Deanette Mills
Deanette Mills
Deanette Mills
Deanette Mills
After 20 years in ministry, the members of the Monroe, N.C., Church can look back and recognize that God has led them from the beginning. He had a plan.
It all began in 1999, in a place far away from Monroe, N.C. The General Conference leaders developed a plan they called “Total Employment,” intended to persuade young graduates from Adventist colleges to move to places where there were no Adventist churches. The General Conference approached the Carolina Conference president, Kenneth Coonley, and asked if he would like to try this plan in the Carolinas. He said, “Absolutely! Why not start in Monroe, the largest city in the Carolinas with no Adventist church?”
Graduating seniors at Southern Adventist University were asked if they would like to move to Monroe in Union County, and four young couples responded. Although they visited, they never took the call. But, the Lord was ready with another solution!

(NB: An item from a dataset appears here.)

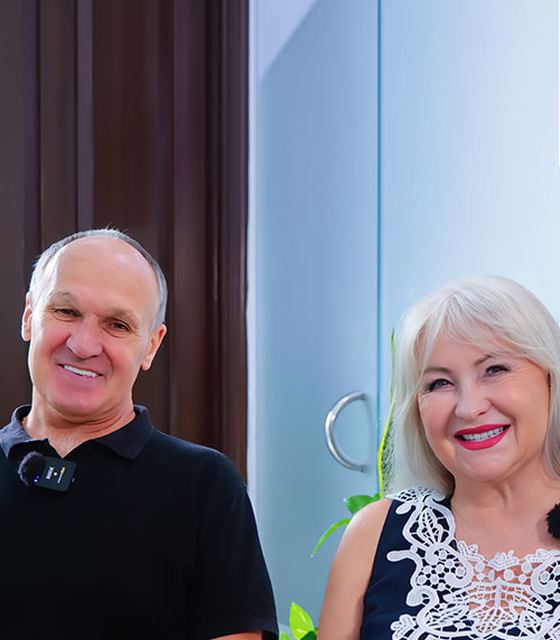 Smiles that travel home at Ark Dental Global, Greater Kailash 1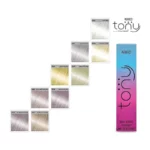 کاتالوگ رنگ مو تونی Tony - Image 5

Several Adventist families were already living in Union County, and were very interested in this new church-planting plan. When the graduates turned down the offer to be “tentmakers,” one of the local members, Becky Mills (Carpenter), told her friends from Nashville, Tenn., Scott and Mindi Guptill, about the opportunity, and they decided to join the church plant. The Guptills persuaded their friends from Orlando, Fla., Mark and Mary Jane Thomas, to come, too. A Bible worker, Cheryl Martin, brought some student literature evangelists to work in Charlotte, N.C., and Monroe that summer. Coonley invited Martin to join the church plant as a Bible worker, and she soon began Bible studies with several people in the area. About the same time, the group found out that, a few years earlier, $40,000 had been donated to the Carolina Conference for work in Monroe. That money was now available to help plant their church.
During the summer and fall, dozens of organizational meetings were held by the 28 members of the original core group to plan the mission of this new church, and the first Sabbath service for the Monroe Church was held September 18, 1999.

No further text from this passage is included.